Quel est aujourd’hui le paysage qu’offre cette Europe dont les représentants au Parlement européen ont fait feu de tout bois pour voter, le 19 janvier, une résolution à l’encontre du Maroc? Une focalisation douteuse et ambigüe.
Le momentum de cette résolution est très singulier. L’Europe traverse sa plus grave crise depuis 1945 avec le conflit entre l’Ukraine, soutenue par l’Occident, et la Russie. Une grande inquiétude remonte des profondeurs de l’Europe.
Tout en s’enfonçant dans des difficultés énergétiques et économiques inextricables, l’Europe a préjugé qu’elle allait provoquer l’effondrement de l’économie russe. Elle s’est plantée. La Russie connaîtra en 2023, selon le FMI, une reprise économique, et même une nette croissance de 2,3% en 2024, supérieure à celle de la zone euro.
Alors que la Russie mobilise de plus en plus de forces, l’Allemagne et d’autres pays ont tergiversé avant de livrer des blindés à l’Ukraine. Quant à la France, inquiète, qui veut à la fois livrer des chars et ne pas être considérée comme partie belligérante, elle hésite encore.
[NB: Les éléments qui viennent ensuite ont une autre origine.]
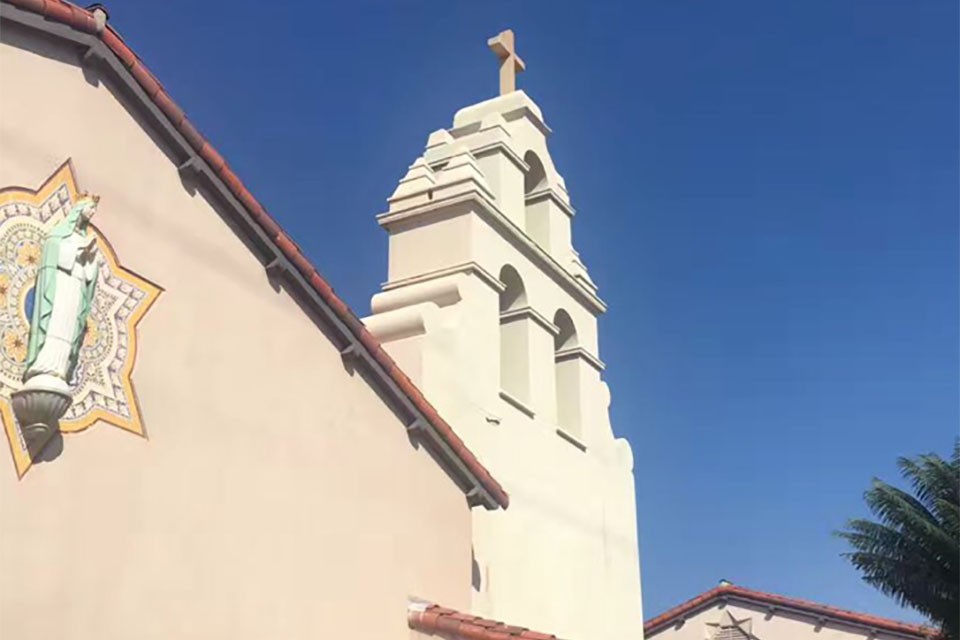 Bishop Alemany High School campus 1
Et si elle décide de livrer des chars aux Ukrainiens, elle fera preuve de suivisme, étayant ainsi la perception de son déclassement.
La déflagration est possible. Le monde se dirige «les yeux grands ouverts» vers «une guerre plus large», avertit le secrétaire général de l’ONU.
Dans un climat de guerre et sous la houlette de la France, des eurodéputés se «polarisent» sur le Maroc
Dans ce climat anxiogène, des eurodéputés «droits-de-l’hommiste» (à la carte et à la tête du client!) ont trouvé le temps pour «dénoncer» le manque de liberté de la presse au Maroc tout en s’attaquant d’une manière arrogante à notre système judicaire. Irrésolus face à la Russie, ils semblent résolus face au Maroc.
La majorité qui a voté pour la résolution a été conduite par l’eurodéputé (chef du groupe parlementaire Renew) Stéphane Séjourné, 36 ans, influent conseiller politique du président Emmanuel Macron, ex-PS, ex-proche de Dominique Straus Kahn et compagnon de Gabriel Attal, ministre français délégué aux Comptes publics.
Stéphane Séjourné a réuni un conglomérat idéologiquement bizarroïde comprenant les eurodéputés centristes, libéraux, macroniens (pro CAC 40) et les eurodéputés anticapitalistes de la gauche radicale européenne dont plusieurs spécimens sont des taupes des généraux algériens. La résolution a aussi évoqué l’implication présumée du Maroc dans le Qatargate et dans le serpent de mer politico-médiatique Pegasus. Il faut bien qu’il y ait le feu en la demeure pour que des eurodéputés incompatibles se rejoignent.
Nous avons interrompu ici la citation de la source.